Le monde de Total Recall est une dystopie, entre une Terre coloniale et des colons martiens opprimés. D’ailleurs c’est le moment où Quail quitte la Terre pour rejoindre Mars que le film abandonne la nouvelle originale pour explorer des directions diverses tout en conservant ce qui en constitue le cœur : le rapport entre la mémoire et le réel, le rêve et la réalité. En effet la texte de Dick repose sur le thème des souvenirs fictifs (avec une chute brillante, mais fort peu cinématographique). Ce qui n’est pas sans rappeler Blade Runner : à une différence près : dans Blade Runner la mémoire est la base de la personnalité des Répliquants, le socle sur lequel elle se construit, tandis que dans Total Recall on devient littéralement quelqu’un d’autre quand on change de souvenirs, de l’innocent Quail au cruel Hauser et inversement.

Quand, après avoir restauré l’atmosphère de Mars, après avoir abattu son gouvernement oppressif, le héros peut enfin embrasser la rebelle Melina, Quail s’interroge « What if this is a dream? » La jeune femme de lui répondre « Well, then kiss me quick before you wake up. » Le spectateur a alors le choix, tandis que l’écran vire au blanc : est-ce que je viens de voir un happy ending dont l’absurdité est conforme au genre du film, ou est-ce que le personnage meurt sous mes yeux et j’assiste impuissant à la fin de son rêve et à la mort cérébrale qu’on lui avait promise ?
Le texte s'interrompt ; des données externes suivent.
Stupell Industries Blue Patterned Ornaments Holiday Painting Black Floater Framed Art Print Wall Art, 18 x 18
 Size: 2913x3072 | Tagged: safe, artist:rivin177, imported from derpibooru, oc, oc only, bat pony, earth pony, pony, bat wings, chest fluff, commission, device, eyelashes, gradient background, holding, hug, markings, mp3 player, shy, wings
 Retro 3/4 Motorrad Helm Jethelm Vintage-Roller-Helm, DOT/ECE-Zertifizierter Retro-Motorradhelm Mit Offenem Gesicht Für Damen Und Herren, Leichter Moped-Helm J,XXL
Pour conclure, et peut-être pour faire taire le débat sur la différence entre le texte et le film, n’oublions pas la fameuse scène de la goutte de sueur, scène tellement dickienne que certains la cherchèrent dans ses romans ! La mise en scène de Verhoeven place son protagoniste devant des miroirs, instaurant ainsi d’emblée le thème du double qu’il accentue par un montage rapide et parallèle entre le personnage de Quaid et celui du docteur Edgemar. Ce dernier veut le convaincre de revenir à la réalité, que tout ce qu’il expérimente n’est qu’une illusion, qu’il est toujours dans les locaux de Rekall et qu’il risque de mourir s’il ne réagit pas. Tout ce qu’il a à faire est de prendre une gélule qui incarne son acceptation du réel. Mais est-ce un simple symbole ou du poison ? Or Edgemar transpire, révélant à Quaid qu’il se trouve bel et bien dans la réalité, contrairement à ce qu’on lui affirmait. Il est bien connu qu’il n’est pas possible de rêver d’une goutte de sueur, n’est-ce pas ? (fondu au blanc pendant que vous réfléchissez à la réponse)

En 2012 est sorti un remake, signé Len Wiseman avec Colin Farrell dans le rôle de Douglas Quaid. Philip K. Dick n’est plus cité au générique, le film n’étant pas une adaptation de son œuvre.

Après la sortie de Total Recall, nous n’avons pas eu que des chefs-d’œuvre, loin de là. D’ailleurs l’éventail des films dickiens couvre tout l’empan du cinéma, du monument au film tout aussi inutile que le temps perdu à le regarder. De quoi ce film est-il l’objet ? Un remake qui penche plus du côté de Blade Runner que de Total Recall, qui bégaye le scénario original sans avoir rien à dire d’autre que « pourquoi avoir fait ce film ? »

Certes, l’idée d’une Terre scindée en deux, une Metropolis à l’échelle planétaire plaçant les nantis et leur confort sur un hémisphère et les forces prolétariennes et leurs souffrances de l’autre est assez plaisante et la « Chute », le tunnel gigantesque qui traverse la Terre offre de belles images.

Nous retrouvons alors dans un cadre strictement terrien (et ostensiblement Bladerunnerien) la même intrigue que celle du film original. Le tout est assez paradoxalement bien moins subtil. Car si le long métrage joue la carte du film d’action, les répliques à double sens sur le rêve et la réalité tombent bien souvent à plat.

Une version longue est sortie, ajoutant notamment un plan final qui indique que Quaid est dans le monde des rêves et qu’il choisit d’y rester. Cela fait bien longtemps que le spectateur l’avait compris, le personnage passant le film poursuivi par des androïdes aussi sophistiqués qu’incapables de toucher une seule fois leur cible.